In most of the countries studied, there were employment declines in three manufacturing industries. In market services, the general evidence points to increasing employment. The sizes of the increases in the service sector employment vary widely, with the US having the largest increase overall.
Objectives and Approach
There is no shortage of reports about employment but they all tend to focus on the issue from a macroeconomic perspective. MGI’s work is based on the premise that understanding the causes of employment behavior at the industry level would allow us to determine the relative importance of particular labor, product, and capital market factors.
Four main factors effect the evolution of economies: productivity growth rates, innovation, trade and foreign direct investment, and consumption and investment patterns. MGI’s fundamental hypothesis is that if there are barriers to the evolution of economies that prevent the transfer of resources into expanding firms and industries, then the result can be a slowing of overall job growth.
Intense competition in the 1980s increased cost pressures and triggered restructuring in automotive industries worldwide. Employment fared best in Japan where demand growth in the local market was combined with cost-driven improvements in trade performance.
Despite being more innovative, the US computer industry did not create as many jobs as Japan. Earlier structural changes in the American industry explain much of this paradox.
As in most mature manufacturing sectors, the long-term employment trend in the furniture industry has been and will be downward.
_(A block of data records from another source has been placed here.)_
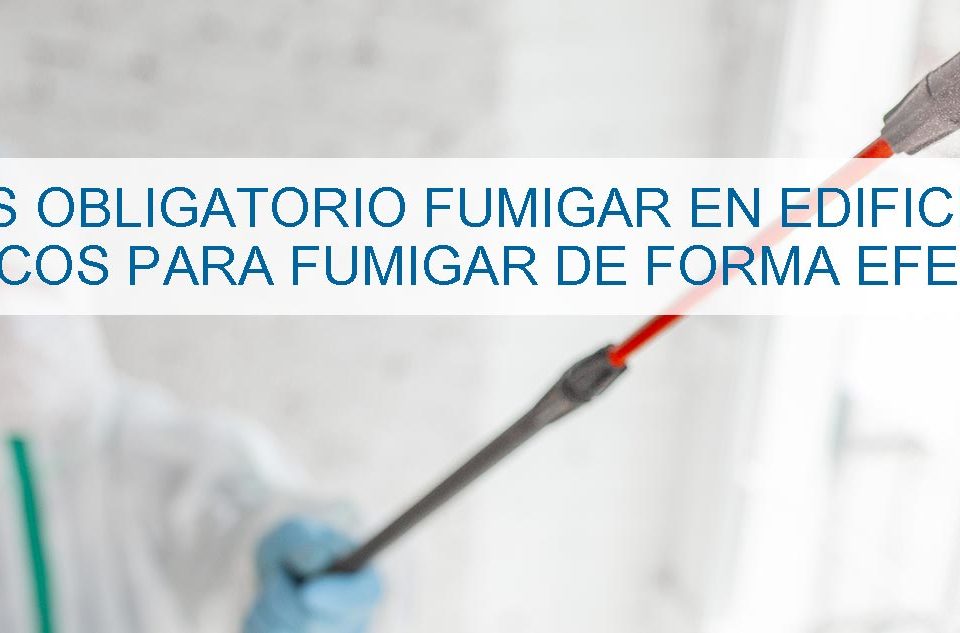 es-obligatorio-fumigar-en-edificios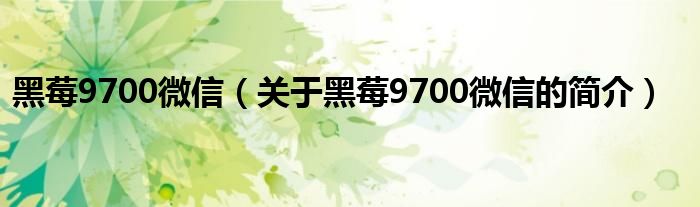 黑莓9700微信（關(guān)于黑莓9700微信的簡介）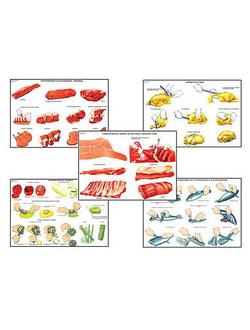 Плакаты ПРОФТЕХ "Первичная обраб. продуктов и приготовление полуфабрикатов" (15 пл, винил, 70х100)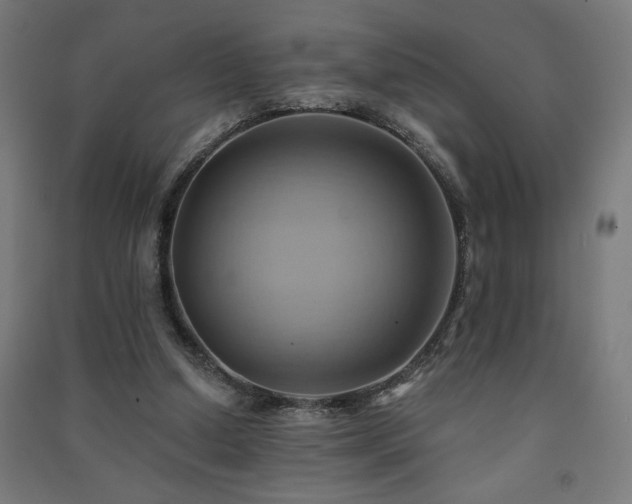 X0000091580250200708201214
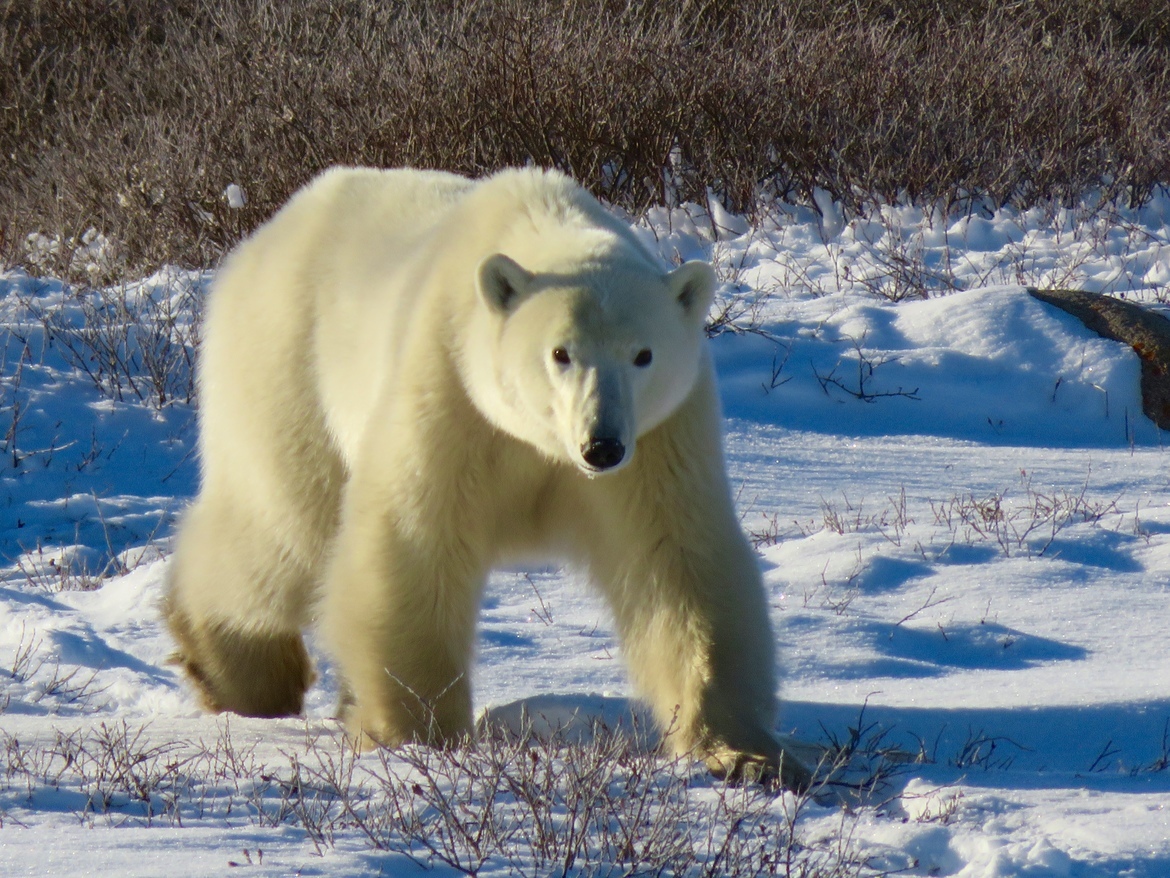 Ursus maritimus, Churchill Manitoba , Canada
Innovation helped to slow this trend in the US, Italy, and Germany.
Product, labor, and capital market barriers effected employment through changes in competitive intensity. The US, France, and Spain all experienced employment declines in traditional banking products as competitive intensity increased in the 1980s.
Retail is experiencing a structural shift as old formats disappear and new innovative ones offer more value to the customer and operate with greater efficiency. Rigidities in the product and labor markets retarded the emergence of high-value formats in France, Germany, and Japan, which in turn has led to lower overall employment.
In the high visibility film/TV/video sector, innovation is the driving force in both the creation and destruction of jobs. Slower employment growth in Europe can be explained by regulations that have inhibited the emergence of new segments.
The myriad rules and regulations governing the construction sector in Europe and Japan provide an excellent example of how product market restrictions stifle output. Faster output growth – together with slower gains in productivity – resulted in better employment performance for the US.
Policymakers have numerous opportunities to encourage job creation by deregulating, particularly in the product market, which is the area of greatest opportunity as it could lead to job creation across the wage spectrum.